_Work instructions_
Go through the data and retrieve each line that includes the string "Little".

_Exercise inputs_
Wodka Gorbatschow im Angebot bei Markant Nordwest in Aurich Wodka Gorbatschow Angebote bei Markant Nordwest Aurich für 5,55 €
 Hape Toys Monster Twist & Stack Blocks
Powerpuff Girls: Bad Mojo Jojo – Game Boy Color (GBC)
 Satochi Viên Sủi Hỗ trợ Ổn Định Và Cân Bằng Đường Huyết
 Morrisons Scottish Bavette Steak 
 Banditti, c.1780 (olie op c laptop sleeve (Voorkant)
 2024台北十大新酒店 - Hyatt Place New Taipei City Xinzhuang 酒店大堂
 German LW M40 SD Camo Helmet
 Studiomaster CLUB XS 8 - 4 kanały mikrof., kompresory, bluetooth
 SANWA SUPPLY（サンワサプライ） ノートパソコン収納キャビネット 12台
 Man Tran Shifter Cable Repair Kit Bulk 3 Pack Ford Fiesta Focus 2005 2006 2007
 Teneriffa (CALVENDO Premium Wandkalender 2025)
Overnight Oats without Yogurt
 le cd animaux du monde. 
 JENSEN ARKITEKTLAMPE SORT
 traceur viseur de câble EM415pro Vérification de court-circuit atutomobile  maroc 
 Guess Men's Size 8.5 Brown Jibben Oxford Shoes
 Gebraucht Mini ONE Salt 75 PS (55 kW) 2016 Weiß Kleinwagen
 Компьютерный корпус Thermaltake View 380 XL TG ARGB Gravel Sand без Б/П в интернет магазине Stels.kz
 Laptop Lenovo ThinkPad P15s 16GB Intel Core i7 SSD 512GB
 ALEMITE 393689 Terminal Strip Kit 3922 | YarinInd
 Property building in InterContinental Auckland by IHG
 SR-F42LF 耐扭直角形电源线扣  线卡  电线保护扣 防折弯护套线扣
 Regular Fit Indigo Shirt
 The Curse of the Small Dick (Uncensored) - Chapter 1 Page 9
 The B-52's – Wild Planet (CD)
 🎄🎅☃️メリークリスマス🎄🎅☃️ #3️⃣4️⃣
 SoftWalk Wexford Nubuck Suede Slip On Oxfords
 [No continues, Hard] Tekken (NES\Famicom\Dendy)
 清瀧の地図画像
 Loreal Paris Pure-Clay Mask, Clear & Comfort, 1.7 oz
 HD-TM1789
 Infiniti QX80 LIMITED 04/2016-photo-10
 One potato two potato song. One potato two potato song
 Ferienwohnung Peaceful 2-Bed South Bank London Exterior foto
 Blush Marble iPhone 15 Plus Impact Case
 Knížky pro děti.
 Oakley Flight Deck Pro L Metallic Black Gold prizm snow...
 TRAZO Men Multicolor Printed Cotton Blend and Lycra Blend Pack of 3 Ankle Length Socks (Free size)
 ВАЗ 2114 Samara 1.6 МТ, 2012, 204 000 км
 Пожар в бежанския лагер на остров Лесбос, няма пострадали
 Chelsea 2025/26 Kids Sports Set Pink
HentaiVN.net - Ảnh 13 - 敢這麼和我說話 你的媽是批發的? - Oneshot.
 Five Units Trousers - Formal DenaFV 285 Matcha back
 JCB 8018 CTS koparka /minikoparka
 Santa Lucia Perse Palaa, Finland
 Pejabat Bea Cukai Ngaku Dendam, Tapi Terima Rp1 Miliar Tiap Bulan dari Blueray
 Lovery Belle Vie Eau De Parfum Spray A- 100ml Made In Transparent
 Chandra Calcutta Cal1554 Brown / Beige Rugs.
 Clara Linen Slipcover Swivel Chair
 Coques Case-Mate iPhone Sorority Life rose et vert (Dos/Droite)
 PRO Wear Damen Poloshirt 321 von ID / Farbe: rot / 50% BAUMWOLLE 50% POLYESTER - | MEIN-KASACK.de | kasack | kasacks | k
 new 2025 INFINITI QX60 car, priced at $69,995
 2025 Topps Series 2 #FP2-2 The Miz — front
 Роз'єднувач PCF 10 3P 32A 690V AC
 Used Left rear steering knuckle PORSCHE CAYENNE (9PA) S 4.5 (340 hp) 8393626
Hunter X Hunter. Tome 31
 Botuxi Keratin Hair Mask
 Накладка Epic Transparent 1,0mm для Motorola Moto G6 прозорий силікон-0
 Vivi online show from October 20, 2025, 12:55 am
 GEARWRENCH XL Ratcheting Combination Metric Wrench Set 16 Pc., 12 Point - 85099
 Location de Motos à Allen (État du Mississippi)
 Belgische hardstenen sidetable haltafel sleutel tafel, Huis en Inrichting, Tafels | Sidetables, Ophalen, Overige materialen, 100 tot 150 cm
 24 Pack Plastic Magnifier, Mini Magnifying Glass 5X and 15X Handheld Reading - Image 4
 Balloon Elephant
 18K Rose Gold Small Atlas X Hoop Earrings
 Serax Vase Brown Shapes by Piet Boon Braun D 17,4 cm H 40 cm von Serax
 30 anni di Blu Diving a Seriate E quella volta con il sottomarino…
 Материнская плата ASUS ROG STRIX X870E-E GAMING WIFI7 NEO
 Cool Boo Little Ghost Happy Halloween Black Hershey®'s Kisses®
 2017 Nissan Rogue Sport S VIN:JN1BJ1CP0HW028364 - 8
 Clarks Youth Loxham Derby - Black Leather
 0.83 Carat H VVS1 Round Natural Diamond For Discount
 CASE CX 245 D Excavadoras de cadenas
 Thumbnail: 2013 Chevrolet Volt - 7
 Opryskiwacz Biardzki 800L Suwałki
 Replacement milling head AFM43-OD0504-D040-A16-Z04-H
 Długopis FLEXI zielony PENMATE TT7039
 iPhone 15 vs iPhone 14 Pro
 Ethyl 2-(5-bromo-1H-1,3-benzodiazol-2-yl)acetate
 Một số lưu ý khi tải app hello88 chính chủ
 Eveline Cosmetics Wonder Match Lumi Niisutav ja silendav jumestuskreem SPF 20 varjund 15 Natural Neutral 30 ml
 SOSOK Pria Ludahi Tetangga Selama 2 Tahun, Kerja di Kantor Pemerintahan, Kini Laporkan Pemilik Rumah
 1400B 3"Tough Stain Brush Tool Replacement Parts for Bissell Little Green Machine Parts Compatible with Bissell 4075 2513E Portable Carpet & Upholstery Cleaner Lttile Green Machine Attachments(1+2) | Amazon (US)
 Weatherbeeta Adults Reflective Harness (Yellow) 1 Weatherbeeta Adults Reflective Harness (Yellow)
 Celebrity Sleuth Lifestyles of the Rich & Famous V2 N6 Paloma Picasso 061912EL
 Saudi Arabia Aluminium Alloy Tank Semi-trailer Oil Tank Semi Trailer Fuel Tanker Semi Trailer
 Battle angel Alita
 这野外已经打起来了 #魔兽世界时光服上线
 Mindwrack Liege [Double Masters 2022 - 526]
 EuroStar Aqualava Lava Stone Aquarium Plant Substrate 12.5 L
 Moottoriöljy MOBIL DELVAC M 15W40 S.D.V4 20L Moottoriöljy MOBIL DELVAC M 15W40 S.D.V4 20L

_Exercise response_
 Cool Boo Little Ghost Happy Halloween Black Hershey®'s Kisses®
 1400B 3"Tough Stain Brush Tool Replacement Parts for Bissell Little Green Machine Parts Compatible with Bissell 4075 2513E Portable Carpet & Upholstery Cleaner Lttile Green Machine Attachments(1+2) | Amazon (US)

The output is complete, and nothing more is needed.